Friday, May 28, 2010

Review: "Shadowbrook," Beverly Swerling


By Paul Carrier

The French and Indian War seems to get short shrift in American historical fiction, which often focuses on the Revolutionary War or the Civil War.

Yet it is every bit as compelling as later conflicts, as James Fenimore Cooper made clear in The Last of the Mohicans. Unfortunately, Cooper’s 19th-century prose is too stilted for many 21st-century readers, so they may fail to see the dramatic potential of a conflict in which England and France struggled for control of a continent during the years preceding the American Revolution.

Harold Coyle’s 1997 novel, Savage Wilderness, is a more contemporary foray into the period, but it is the exception that proves the rule. Just as the French and Indian War is underplayed in the history books, so it gets little notice in the annals of historical fiction.

Shadowbrook demonstrates the storytelling punch of the war, and it does so with an expansive geographic reach. A sweeping tale, it spans several years from the start of the war in 1754 through the fall of Quebec in 1759, and beyond.

At close to 500 pages, Shadowbrook features such a large cast that a list of more than 70 “important characters in the story” runs to a full four pages, not counting what the author describes as “assorted randy barmaids, crafty millers, entrepreneurial widows, drunken tars, layabouts and ne’er-do-wells.”

The spine of the story is the broad outline of the war, including the struggle for control of the Ohio country, the expulsion of the Acadians from Nova Scotia, the massacre at Fort William Henry in New York, the capture of the great French fortress of Louisbourg, and the eventual British victory at Quebec.

At the heart of it all is “the Hale Patent” of Shadowbrook, a sprawling estate along the Hudson River. Owned by the Hale clan, coveted by a one-eyed Scot who is in league with the French Catholics of Canada and bordered by Iroquois lands, the estate is consumed by bitter family rivalries and buffeted by the winds of war.

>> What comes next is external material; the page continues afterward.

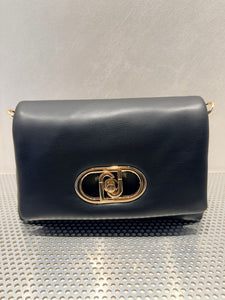 BORSA NERA LA PUFFY MEDIA LIUJO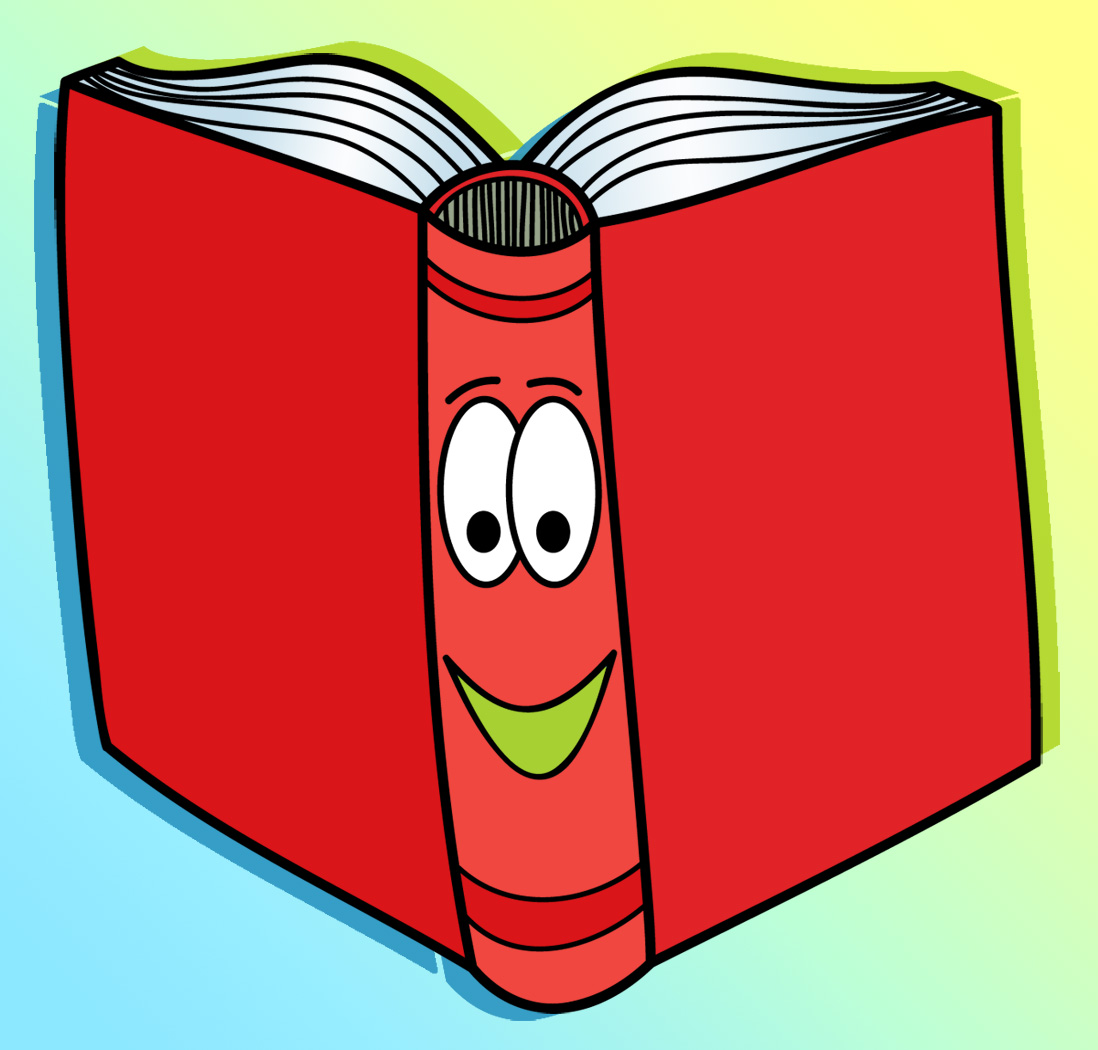 Library Books Png Image Clipart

Shadowbrook centers on three characters, each of whom straddles two worlds. Quentin Hale is a white man and an adopted son of the Potawatomi tribe. Cormac Shea is half Irish and half Indian, but his Indian roots hold sway. Nicole Crane, the daughter of an English father and a French mother, has vowed to become a Catholic nun in Quebec.

As that lineup would suggest, the story explores the period from the perspectives of several cultures: the Americans of the British colonies and their slaves, the French of New France, and the Indians who strove to protect a threatened way of life.

In fact, Swerling clearly views the period as reflecting not only a clash of dueling European empires but also a conflict between whites and natives. She focuses much of her attention on tribal beliefs, customs and attitudes, and on the natives’ fear of annihilation or exile.

Shadowbrook is peppered with Indian and French terminology, lending authenticity to its portrayal of the non-English characters who are such key players in the tale. The Mohawk are “Kahniankehaka.” White settlers are sometimes called, by the Indians, “Cmokmanuk,’ a Potawatomi term. The vast territory north and west of Montreal is, as the French named it, the “pays d’en haut.” People of mixed European and Indian ancestry are “métis.”

Swerling’s ambitious and compelling novel breathes life into a time that is long gone but very much an integral part of our history, when America was still British, Canada was a colony of France and the great Indian tribes of the east were powerful allies, or fearsome enemies.